Pisklak cały wieczór kroił i lepił foamcory. Budował pudełko na te swoje figury, przy czym to nie miało być byle pudełko, tylko takie, żeby każda figura miała swoje miejsce i nie latała.
Można powiedzieć, że mnie zaskoczył - byłam przekonana, że tego w jeden wieczór nie dokona. A tu pudełko w zasadzie gotowe, tylko trzeba jeszcze ponoć taśmą okleić.
The Younger Unit spent the whole evening working on the box for the figures. It's quite a special box - the figures are not supposed to move inside, hence all the internal walls.
A ja w tym czasie siedziałam przy stoliku i lepiłam zawieszki do prezentów, które będą częścią Christmasowego kramiku na zakładzie. Najchętniej tworzyłabym same śnieżne i bałwańskie, ale chyba popyt jest raczej na bardziej standardowe tematy świąteczne. Bu.
Jeśli będzie loteria na rzecz rodziny Maxa, to obiecałam, że też coś dorzucę - pewnie właśnie zestawy zawieszkowe i kartkowe.
In the meantime, I made a few gift tags, which will be a part of the Christmas thing sale at work. If there is a fundraiser for Max's family, I promised to throw in some items as well - probably tags and Christmas cards.

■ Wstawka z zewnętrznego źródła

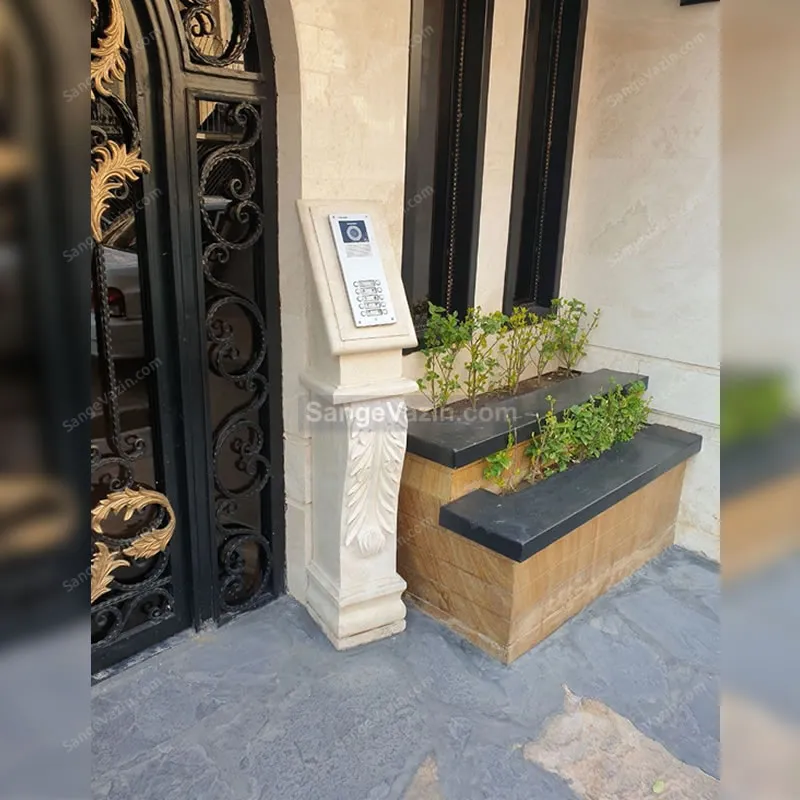 Video door phone stone stand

Powstała również kartka... nie wiem, czy jestem z niej skrajnie zadowolona, no ale jest.
I also put together a card... not sure, if I'm entirely satisfied with the result, but oh well, here it is.
1 komentarz:
Podziwiam Twoje okna alabastrowe i zakochałam się w nich :) Bardzo fajny pomysł ich "zamykania".
A Pisklaka masz zdolnego ;) pudełko pierwsza klasa!